Background: Along with the description of tumorigenesis processes in endometriosisrelated
ovarian cancer, identifying dysregulated miRNAs, the target genes of these miRNAs, and the
processes abnormally affected by dysregulated miRNAs is essential, which was our goal.
Methods: Two reviewers individually evaluated the articles which collected relevant information including
genes and miRNAs involved in the transformation of endometriosis into ovarian cancer. To
assess the mature sequence of miRNAs and also their chromosomal positions, miRPathDB software
was employed. To determine the main target gene predicted for each considered miRNAs, the TargetScanS
Web server was applied. The interaction of each gene with other genes associated with endometrial-
related ovarian cancer was determined by GeneMANIA software. Finally, to design integrated
model of miRNAs-targeted genes interaction network, the Cytoscape software was used.

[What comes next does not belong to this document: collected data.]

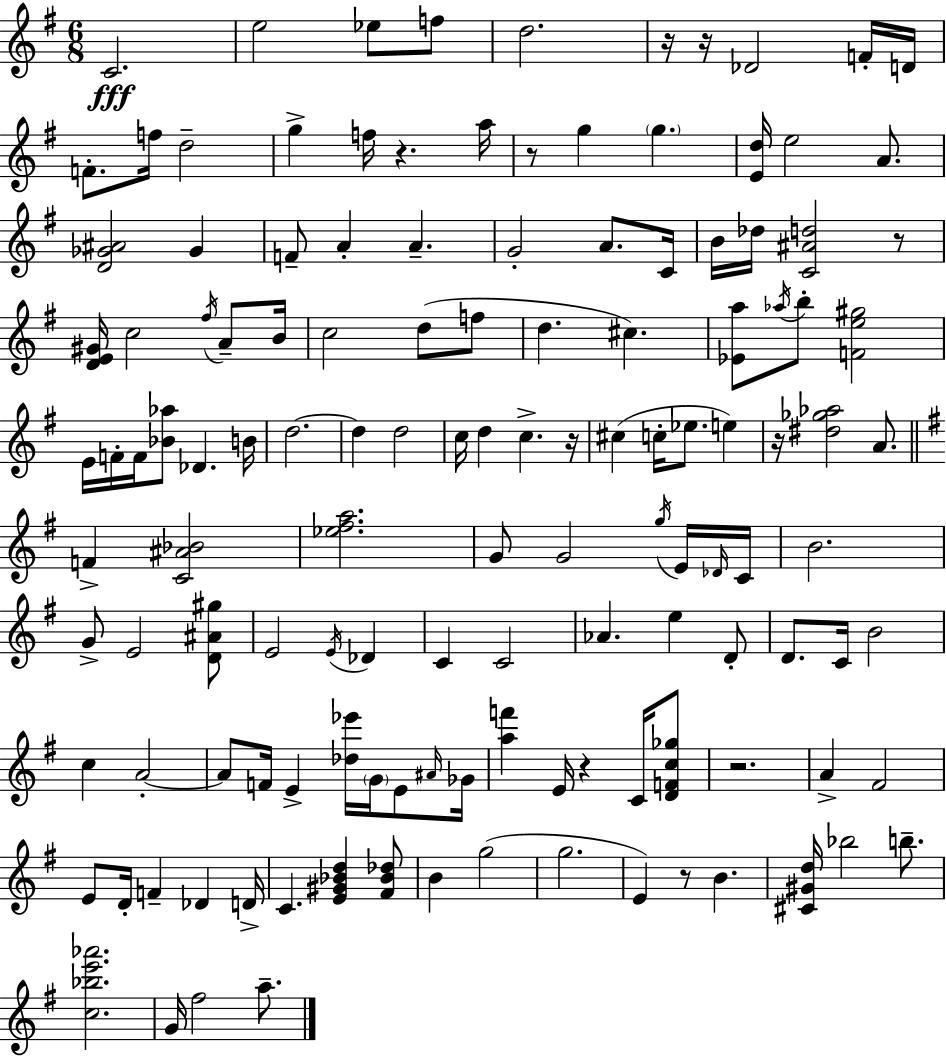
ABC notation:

X:1
T:Untitled
M:6/8
L:1/4
K:G
C2 e2 _e/2 f/2 d2 z/4 z/4 _D2 F/4 D/4 F/2 f/4 d2 g f/4 z a/4 z/2 g g [Ed]/4 e2 A/2 [D_G^A]2 _G F/2 A A G2 A/2 C/4 B/4 _d/4 [C^Ad]2 z/2 [DE^G]/4 c2 ^f/4 A/2 B/4 c2 d/2 f/2 d ^c [_Ea]/2 _a/4 b/2 [Fe^g]2 E/4 F/4 F/4 [_B_a]/2 _D B/4 d2 d d2 c/4 d c z/4 ^c c/4 _e/2 e z/4 [^d_g_a]2 A/2 F [C^A_B]2 [_e^fa]2 G/2 G2 g/4 E/4 _D/4 C/4 B2 G/2 E2 [D^A^g]/2 E2 E/4 _D C C2 _A e D/2 D/2 C/4 B2 c A2 A/2 F/4 E [_d_e']/4 G/4 E/2 ^A/4 _G/4 [af'] E/4 z C/4 [DFc_g]/2 z2 A ^F2 E/2 D/4 F _D D/4 C [E^G_Bd] [^F_B_d]/2 B g2 g2 E z/2 B [^C^Gd]/4 _b2 b/2 [c_be'_a']2 G/4 ^f2 a/2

Results: The final number of studies available for analysis was 6 manuscripts including 22 miRNAs
described as involved in the transformation of endometriosis into different subtypes of ovarian cancers
(14 miRNAs up-regulated and 8 miRNAs down-regulated). Three miRNAs of miR-141 (upregulated),
miR-205 (down-regulated), and miR-125b (down-regulated) were revealed as the originator
for genetic interactions leading to carcinogenesis. We could show some common loops and pathways
including uncontrolled cell proliferation and abnormal apoptosis (mediated by PTEN gene induced
by miR-21 and miR-214), and disaggregation and epithelialization (mediated by ZEB1 and
ZEB2 genes induced by miR-200).
Conclusion: According to our analysis, up-regulation of miR-141 and down-regulation of miR-205
and miR-125b have a central role in transforming endometriosis to ovarian cancer.